Angus, not put at ease at all, stared down at his feet. "Yes… I suppose he did."
"You know, that kind of doing, taking someone else's food, that's not right. It may seem small now, but little thefts lead to bigger ones and that path leads down a dark path with dark endings."
"I know," Angus said, his voice oddly squeaky as he continued to stare at his shoes. Bert frowned, not expecting the boy to be that affected by Jack's actions.
"I don't ever want to see you behaving like Jack," Bert continued. "Making trouble, just to make trouble is bad enough but stealing, fighting…I've known that sort before. They try to hurt those who are smaller than them, just to feel bigger. Well, they aren't bigger, just meaner. Do you understand?"
"Yes," mumbled Angus, and then, to Bert's astonishment, Angus burst into tears and just about tackled Bert in a tight hug, mumbling incoherent words into his jacket.

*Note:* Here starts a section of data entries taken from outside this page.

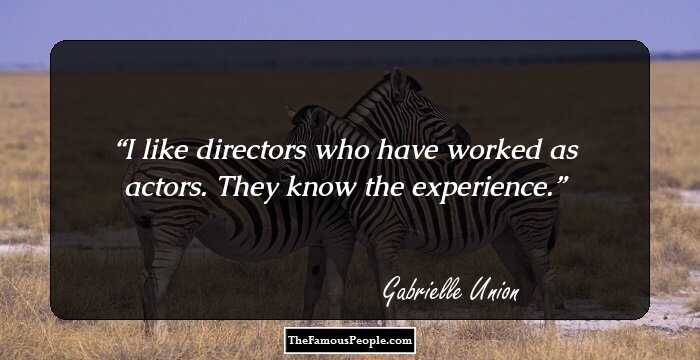 I like directors who have worked as actors. They know the experience.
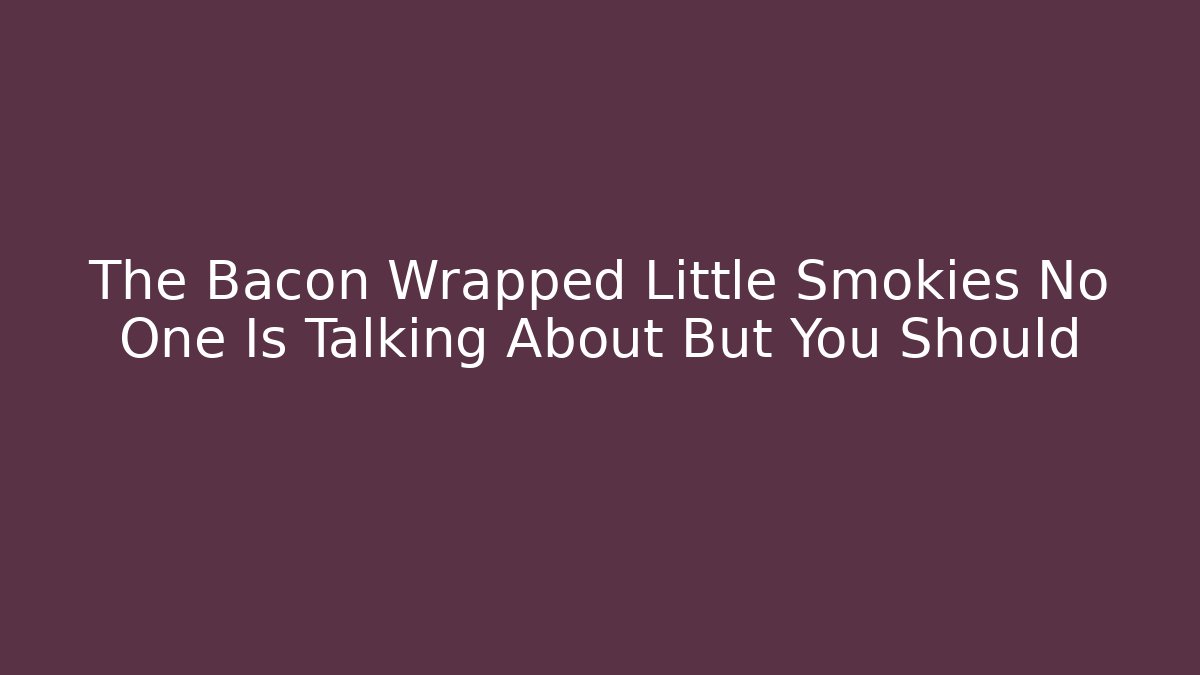 The Bacon Wrapped Little Smokies No One Is Talking About But You Should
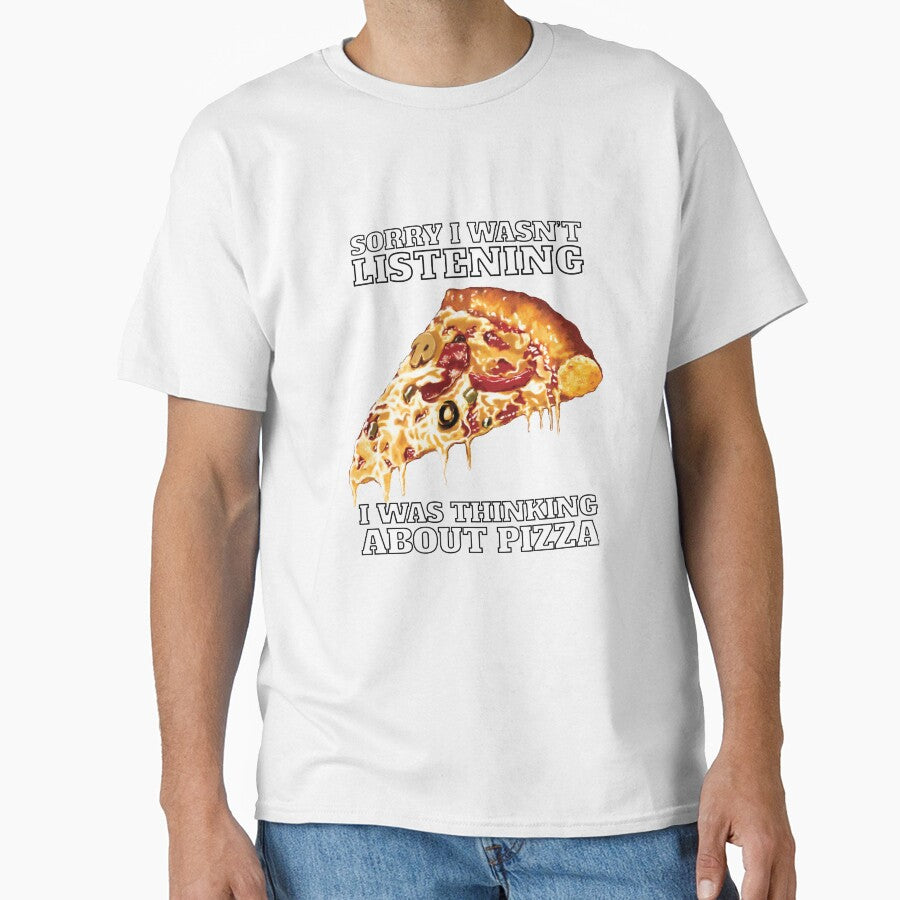 Funny Sarcastic Pizza Humor Sorry I Wasn’t Listening I Was Thinking About Pizza by fantasticdesign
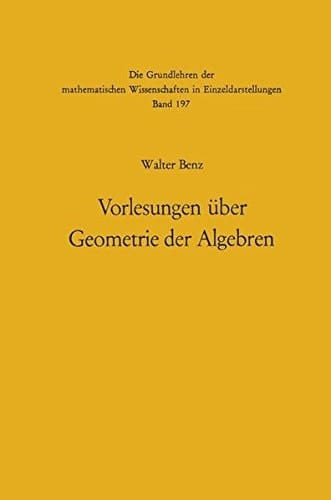 Vorlesungen über Geometrie der Algebren: Geometrien von Möbius, Laguerre-Lie, Minkowski in einheitlicher und grundlagengeometrischer Behandlung ... Wissenschaften) (German Edition)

"Hey now," Bert said, patting him gently, though he was still mystified by this reaction. "No need for all this. I know you're a good one, Angus." But for the longest time, Angus just hugged him tighter. Still at a loss, Bert tried patting his head, and then put his hand warmly on the boy's shoulder until he was done.
Angus finally calmed, and then he looked Bert right in the eyes, like he wanted to say something. What he finally did say, though, was "What odd jobs are we doing this afternoon?"
"Let's see where the road takes us," said Bert.
When the afternoon drew to a close, Angus was exhausted from the day's labor, but smiling again.
"Wait until I tell the others," he said. "First we saved a whale, and then we battled an army, and then we had to dig all the way to China!" Bert was almost sorry to see him go, but it was time to light the lamps and Angus was half asleep already.
"And…and…I will be good," Angus said, as Miss Minchin joined them to collect him.
"Of course you will," Bert said, for he felt proud of how far the boy had come. Angus looked at the ground again, then turned and ran inside. All in all, it was a good day.